By simple I mean they are direct binary search conditions with no wildcards 
(think a memcmp() kind of search).

Example:
rule CRC_8_TABLE
{
        meta:
                description = "CRC-8 table"                
        strings:
                $c0 = { 00 57 AE F9 0B 5C A5 F2 16 41 B8 EF 1D 4A B3 E4 2C 
7B 82 D5 27 70 89 DE 3A 6D 94 C3 31 66 9F C8  58 0F F6 A1 53 04 FD AA 4E 19 
E0 B7 45 12 EB BC 74 23 DA 8D 7F 28 D1 86 62 35 CC 9B 69 3E C7 90 
                                  B0 E7 1E 49 BB EC 15 42 A6 F1 08 5F AD FA 
03 54 9C CB 32 65 97 C0 39 6E 8A DD 24 73 81 D6 2F 78 E8 BF 46 11 E3 B4 4D 
1A FE A9 50 07 F5 A2 5B 0C C4 93 6A 3D CF 98 61 36 D2 85 7C 2B D9 8E 77 20 
                                  37 60 99 CE 3C 6B 92 C5 21 76 8F D8 2A 7D 
84 D3 1B 4C B5 E2 10 47 BE E9 0D 5A A3 F4 06 51 A8 FF 6F 38 C1 96 64 33 CA 
9D 79 2E D7 80 72 25 DC 8B 43 14 ED BA 48 1F E6 B1 55 02 FB AC 5E 09 F0 A7 
                                  87 D0 29 7E 8C DB 22 75 91 C6 3F 68 9A CD 
34 63 AB FC 05 52 A0 F7 0E 59 BD EA 13 44 B6 E1 18 4F  DF 88 71 26 D4 83 7A 
2D C9 9E 67 30 C2 95 6C 3B F3 A4 5D 0A F8 AF 56 01 E5 B2 4B 1C EE B9 40 17 }
        condition:
                $c0
}

95% of the rules are like this.

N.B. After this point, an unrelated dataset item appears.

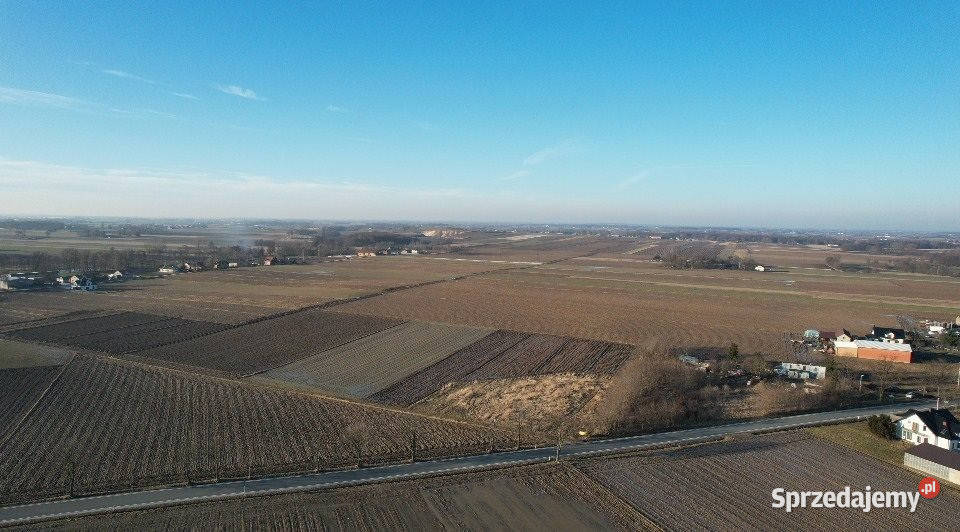 Ogłoszenie działka 5390m2 Raczków łódzkie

Some large like the CRC32 table is 1024 
bytes, etc.
The remaining 5% are a bit more complex that require a custom "module" I 
added to libyara.
On a very large executable, it takes ~3 seconds to scan through all these 
rules.

Now compare this to:  
https://github.com/Yara-Rules/rules/blob/master/crypto/crypto_signatures.yar
There are about 125 rules in total.
While some our simple like the example above, the majority are relatively 
complex using regex, etc.

Example:
rule Big_Numbers0
{
        meta:
                author = "_pusher_"
                description = "Looks for big numbers 20:sized"
                date = "2016-07"
        strings:
                $c0 = /[0-9a-fA-F]{20}/ fullword ascii
        condition:
                $c0
}

*In the same setup these 125 rules took 1.45 minutes!*

So even those the more complex set is only ~10% of the count of simple 
rules it took 28 times longer to scan.
Also note these signatures had way too many false positives which could be 
a major factor (without isolating further) in why it takes so long to scan.

Note: Not knocking YARA in any way.
Is there another public/open source technology like YARA, and anything else 
that is the de facto signature system for Malware, etc., other than YARA?
Not that I know of.. It's not perfect, but overall it's great IMHO.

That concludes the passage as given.